Fibromyalgia symptoms are reduced by low-dose naltrexone: a pilot study

Affiliations
Clinical Trial

Fibromyalgia symptoms are reduced by low-dose naltrexone: a pilot study

Jarred Younger et al. Pain Med. 2009 May-Jun.

Abstract

Objective: Fibromyalgia is a chronic pain disorder that is characterized by diffuse musculoskeletal pain and sensitivity to mechanical stimulation. In this pilot clinical trial, we tested the effectiveness of low-dose naltrexone in treating the symptoms of fibromyalgia.

Design: Participants completed a single-blind, crossover trial with the following time line: baseline (2 weeks), placebo (2 weeks), drug (8 weeks), and washout (2 weeks).

Patients: Ten women meeting criteria for fibromyalgia and not taking an opioid medication.

Interventions: Naltrexone, in addition to antagonizing opioid receptors on neurons, also inhibits microglia activity in the central nervous system. At low doses (4.5 mg), naltrexone may inhibit the activity of microglia and reverse central and peripheral inflammation.
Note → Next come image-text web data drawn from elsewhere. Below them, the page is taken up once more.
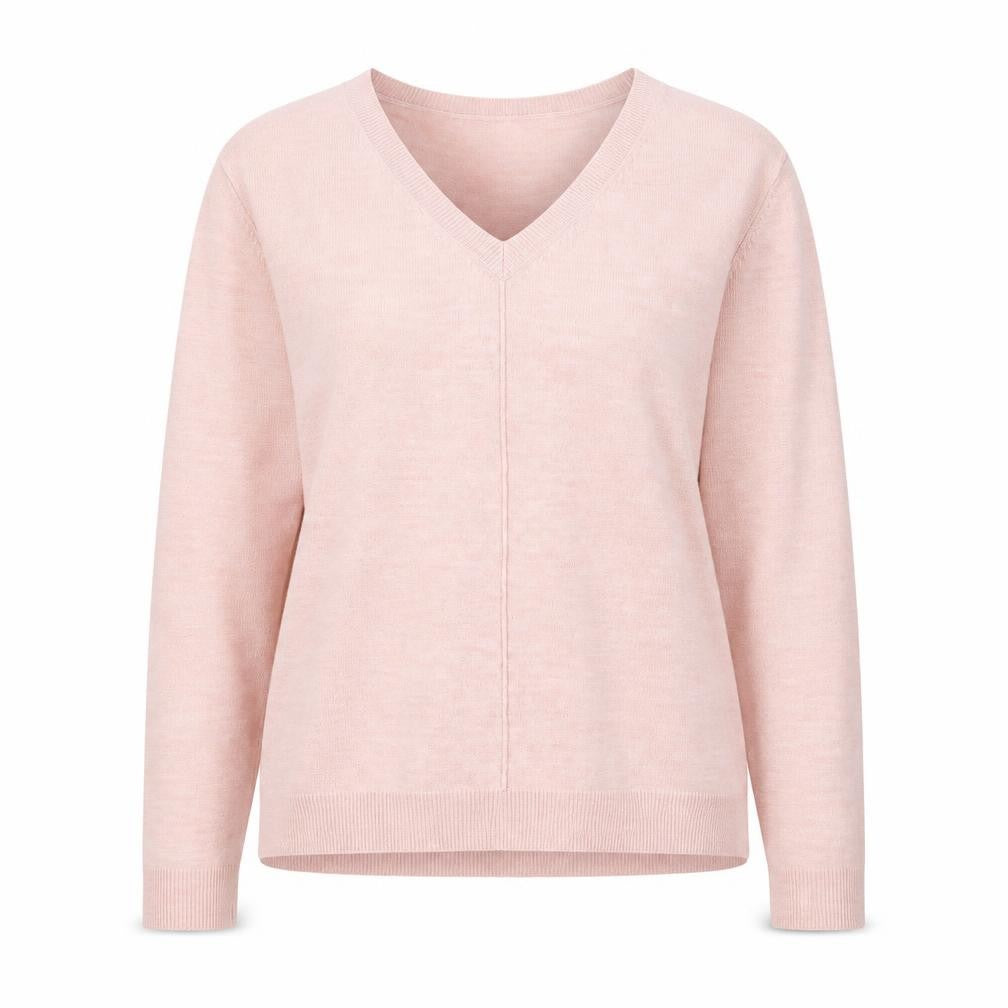 Front view of Primark women’s pink jumper, size UK 12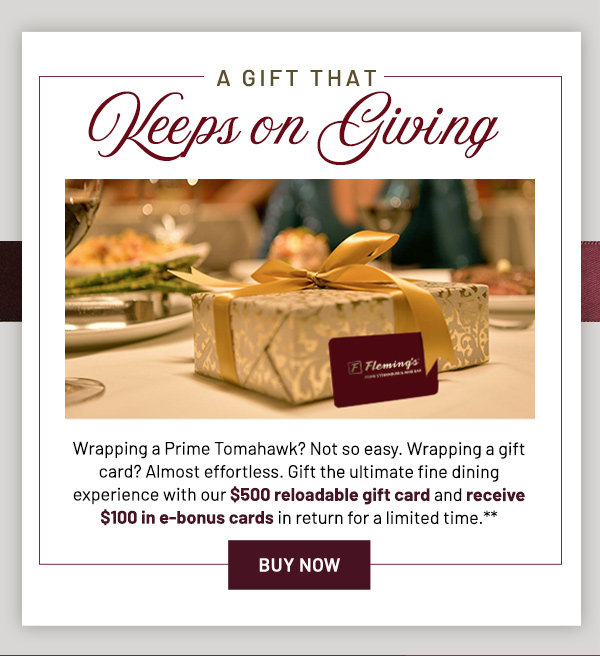 A gift that keeps giving - Learn More
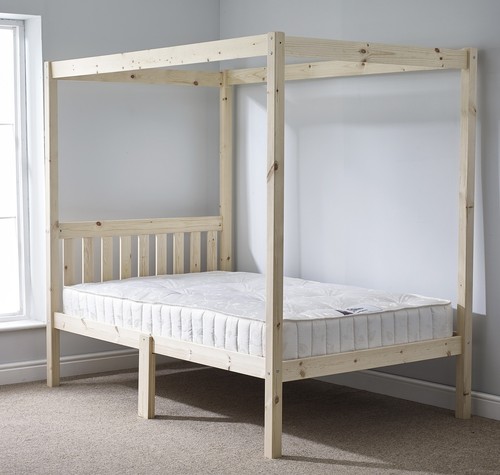 Four poster bed frame 4ft - bed,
Outcome measures: Participants completed reports of symptom severity everyday, using a handheld computer. In addition, participants visited the lab every 2 weeks for tests of mechanical, heat, and cold pain sensitivity.

Results: Low-dose naltrexone reduced fibromyalgia symptoms in the entire cohort, with a greater than 30% reduction of symptoms over placebo. In addition, laboratory visits showed that mechanical and heat pain thresholds were improved by the drug. Side effects (including insomnia and vivid dreams) were rare, and described as minor and transient. Baseline erythrocyte sedimentation rate predicted over 80% of the variance in drug response. Individuals with higher sedimentation rates (indicating general inflammatory processes) had the greatest reduction of symptoms in response to low-dose naltrexone.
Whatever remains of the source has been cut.